With this intelligence there was no lack of affliction; but God gave me strength; and after I had commended myself to Him, and to His blessed Mother, I said to those two soldiers: "Let us proceed to the ships where these people are going about plundering, perhaps we shall find something to eat or drink, for it is certain that I shall die of hunger." And going in that direction, we began to see dead bodies, which was a great grief and pity to see those whom the sea continued casting up. There were stretched out upon that strand more than four hundred, among whom we recognised some, and the poor Don Diego Enriquez, whom, with all my sad plight, I did not wish to pass by without burying him in a pit, which we made in the sand, at the water's edge. We laid him there along with another very honourable captain, a great friend of mine, and we had not quite finished burying them, when there came up to us two hundred savages, to see what we were doing. We said to them, by signs, that we were placing there those men who were our brothers, that the crows might not eat them.

Then we went off, and searched for something to eat along the shore—of biscuits, which the sea was casting up—when four savages came up to me to strip me of the clothing which I wore, and another was grieved and took them away; seeing that, they began to maltreat me: and he may have been a chief, for they respected him.

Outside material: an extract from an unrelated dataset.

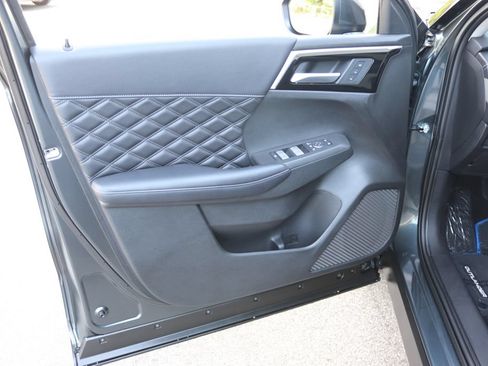 Used 2025 Mitsubishi Outlander 4WD Plug-In Hybrid image 7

This man, by the grace of God, assisted me and my two companions, and brought us away from there, and remained a good while in our company, until he put us on a road which led from the coast to a village where he lived. There he told us to await him, and that he would return soon and put us[[17]] on the way to a good place.

Along with all this misery, that road was very stony, and I was unable to move or go a step forward, because I went shoe-less, and dying with pain in one of my legs, which was severely wounded. My poor companions were naked and freezing with the cold, which was very great; and not being able to exist nor assist me, they went on in front by the road, and I remained there supplicating God's favour.

He aided me, and I began to move along, little by little, and reached a height, from whence I discovered some huts of straw;[[18]] and going towards them by a valley, I entered a wood.[[19]] When I had gone a distance of two shots of an arquebus in it, an old savage of more than seventy years came out from behind the rocks, and two young men, with their arms—one English, the other French—and a girl of the age of twenty years, most beautiful[[20]] in the extreme, who were all going to the shore to plunder.

When they saw me pass among the trees, they changed their course towards me, and the Englishman came up saying, "Yield, Spanish poltroon,"[[21]] and made a slash at me with a knife, desiring to kill me. I warded off the blow with a stick which I carried in my hand; but, in the end, he got at me, and cut the sinew of my right leg. He wanted to repeat the blow immediately, had not the savage come up with his daughter, who may have been this Englishman's friend,[[22]] and I replied he might do what he wished to me, for fortune had subdued me, and deprived me of my arms in the sea. They took him away from me then, and the savage began to strip me, to the taking off of my shirt, under which I wore a gold chain of the value of rather more than a thousand dollars.[[23]] When they saw it, they rejoiced greatly, and searched the jacket,[[24]] thread by thread, in which I carried forty-five crown-pieces in gold, that the Duke had ordered to be given to me at Corunna for two months' pay;[[25]] and when the Englishman saw that I carried a chain and crown-pieces, he wanted to take me prisoner, saying that he should be offered a ransom. I replied that I had nothing to give; that I was a very poor soldier, and had gained that, what they saw, in the ship. The girl lamented much to see the bad treatment I received, and asked them to leave me the clothes, and not to injure me any more. They all returned to the hut of the savage, and I remained among those trees, bleeding from the wound which the Englishman had inflicted upon me. I proceeded to put on again my jacket and sack-coat; moreover, they had taken away my shirt, and some relics of great value which I wore in a small garment [vestment], of the Order of the Holy Trinity, that had been given to me at Lisbon.

These the savage damsel took and hung them round her neck, making me a sign that she wished to keep them, saying to me that she was a Christian: which she was in like manner as Mahomet.

From her hut they sent me a boy with a poultice made of herbs, to put upon my wound, and butter and milk and a small piece of oaten bread to eat.

I applied the dressing and ate the food, and the boy went along the road with me, showing me the direction I had to go, and advising me to avoid a village which could be seen from thence, where they had killed many Spaniards, and not one escaped that they could lay their hands upon.